Action item => In the records that follow, the lines from the one containing "DreamBid. Zdjęcie 14." to the one containing "Japanese Brand ×", inclusive, are to be given again exactly.

Recorded data =>

######

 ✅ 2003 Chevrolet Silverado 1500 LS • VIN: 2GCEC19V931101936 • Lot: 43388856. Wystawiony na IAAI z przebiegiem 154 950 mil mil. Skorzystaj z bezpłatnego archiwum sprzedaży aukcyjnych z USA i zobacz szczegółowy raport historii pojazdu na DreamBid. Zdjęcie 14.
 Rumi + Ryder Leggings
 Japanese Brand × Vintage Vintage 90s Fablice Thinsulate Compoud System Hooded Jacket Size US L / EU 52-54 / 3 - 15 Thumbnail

######

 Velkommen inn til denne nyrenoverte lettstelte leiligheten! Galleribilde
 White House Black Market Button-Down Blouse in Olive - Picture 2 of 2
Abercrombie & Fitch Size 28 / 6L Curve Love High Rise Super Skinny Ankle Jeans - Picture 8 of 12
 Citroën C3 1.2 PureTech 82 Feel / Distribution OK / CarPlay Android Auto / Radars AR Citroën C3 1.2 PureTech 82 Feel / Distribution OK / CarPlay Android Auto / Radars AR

######

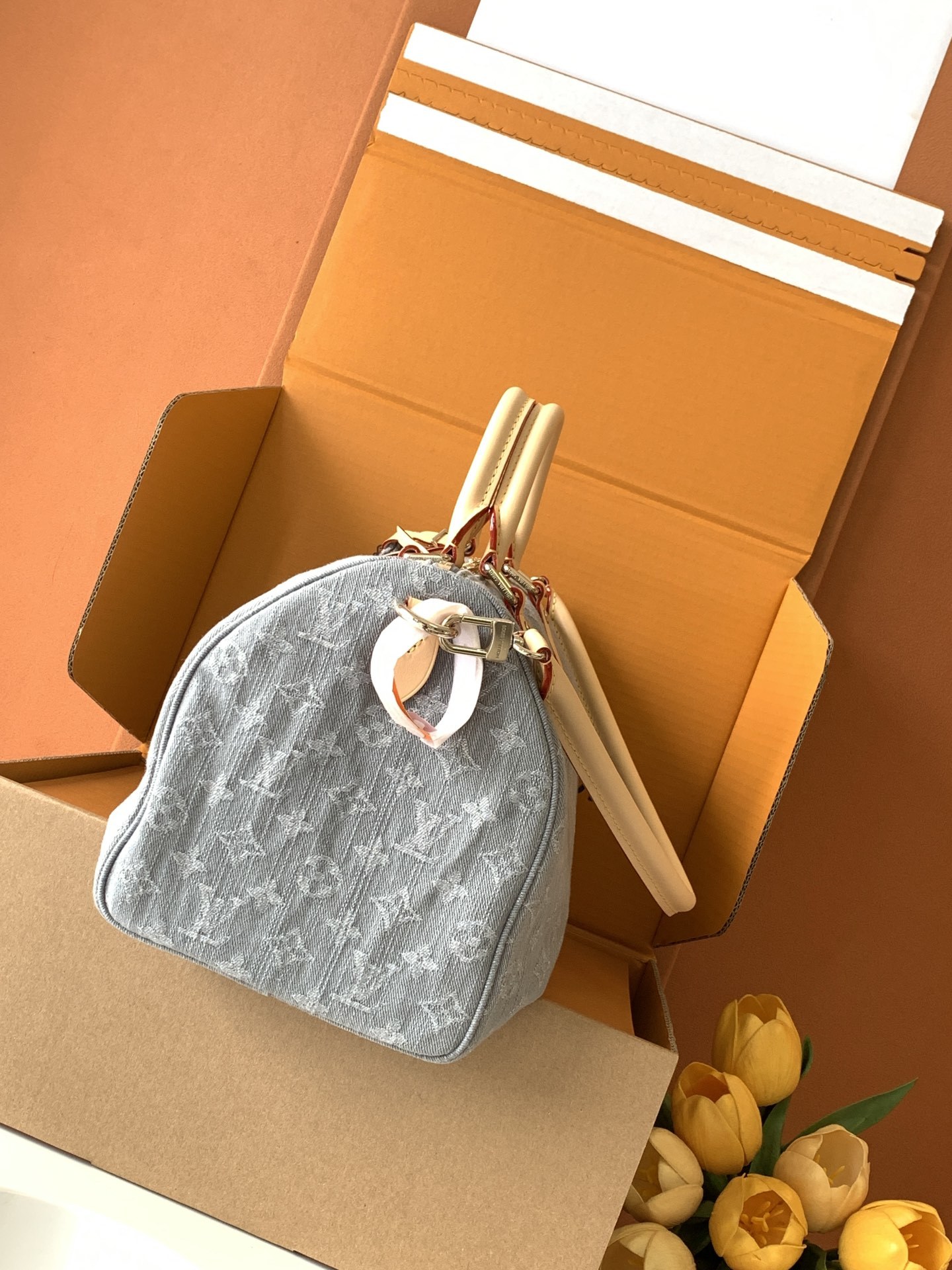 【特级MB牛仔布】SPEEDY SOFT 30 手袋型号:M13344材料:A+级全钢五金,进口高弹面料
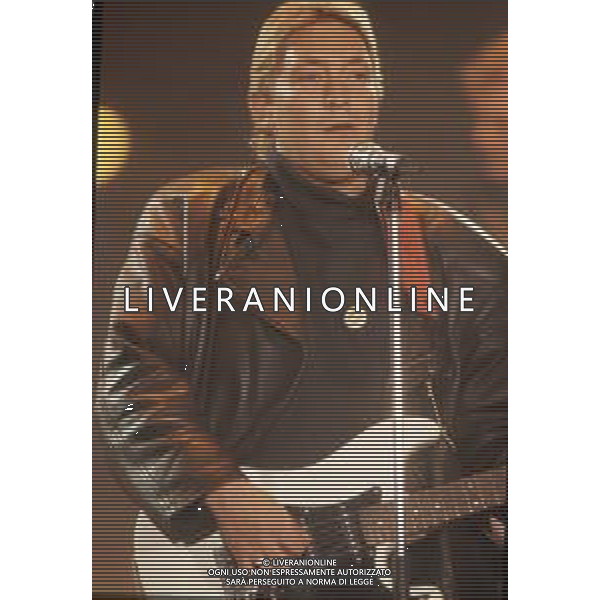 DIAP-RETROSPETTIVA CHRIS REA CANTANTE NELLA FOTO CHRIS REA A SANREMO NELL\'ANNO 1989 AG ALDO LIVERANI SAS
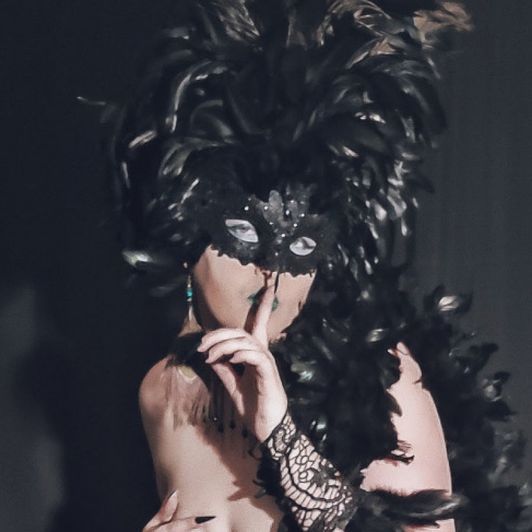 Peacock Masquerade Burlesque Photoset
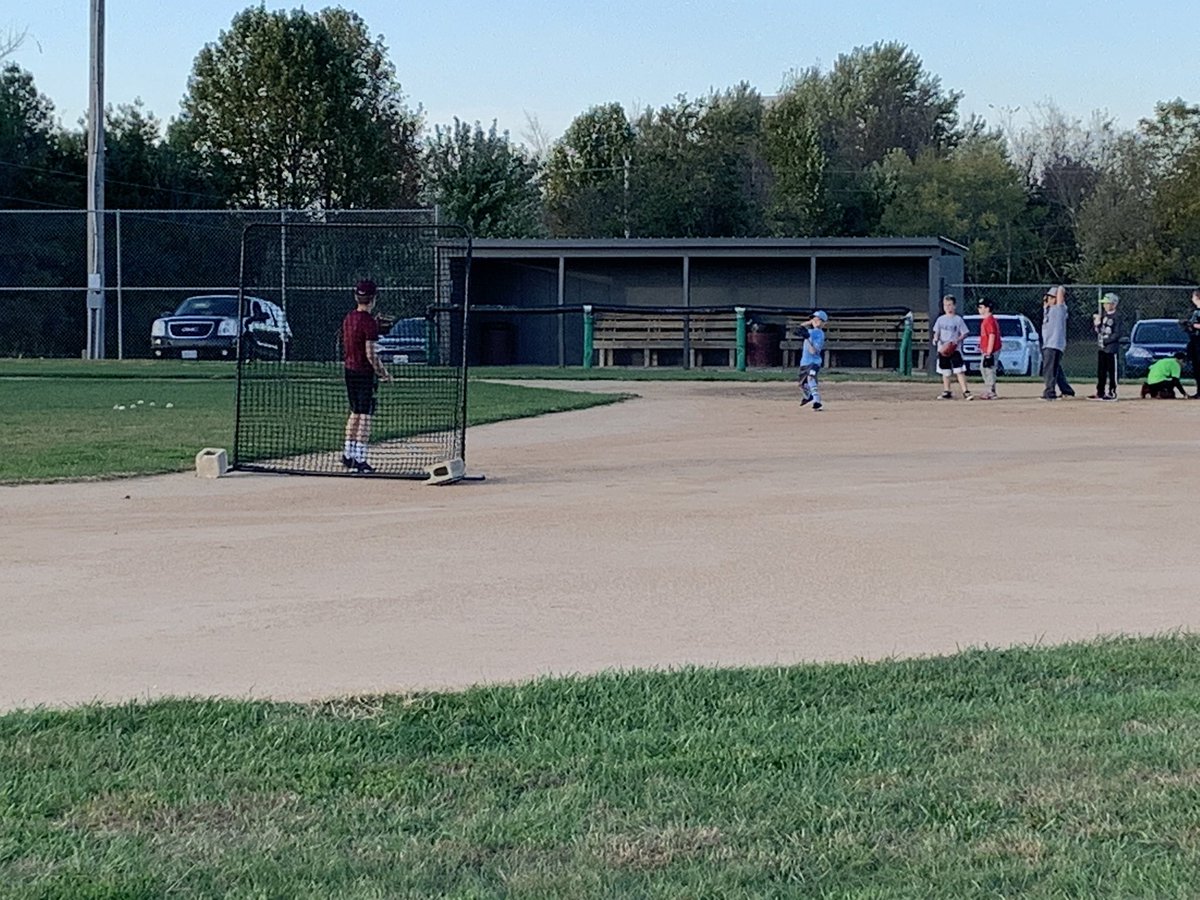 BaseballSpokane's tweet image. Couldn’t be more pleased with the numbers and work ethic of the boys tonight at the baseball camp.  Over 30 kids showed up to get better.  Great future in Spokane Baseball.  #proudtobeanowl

######

Task response =>
 ✅ 2003 Chevrolet Silverado 1500 LS • VIN: 2GCEC19V931101936 • Lot: 43388856. Wystawiony na IAAI z przebiegiem 154 950 mil mil. Skorzystaj z bezpłatnego archiwum sprzedaży aukcyjnych z USA i zobacz szczegółowy raport historii pojazdu na DreamBid. Zdjęcie 14.
 Rumi + Ryder Leggings
 Japanese Brand × Vintage Vintage 90s Fablice Thinsulate Compoud System Hooded Jacket Size US L / EU 52-54 / 3 - 15 Thumbnail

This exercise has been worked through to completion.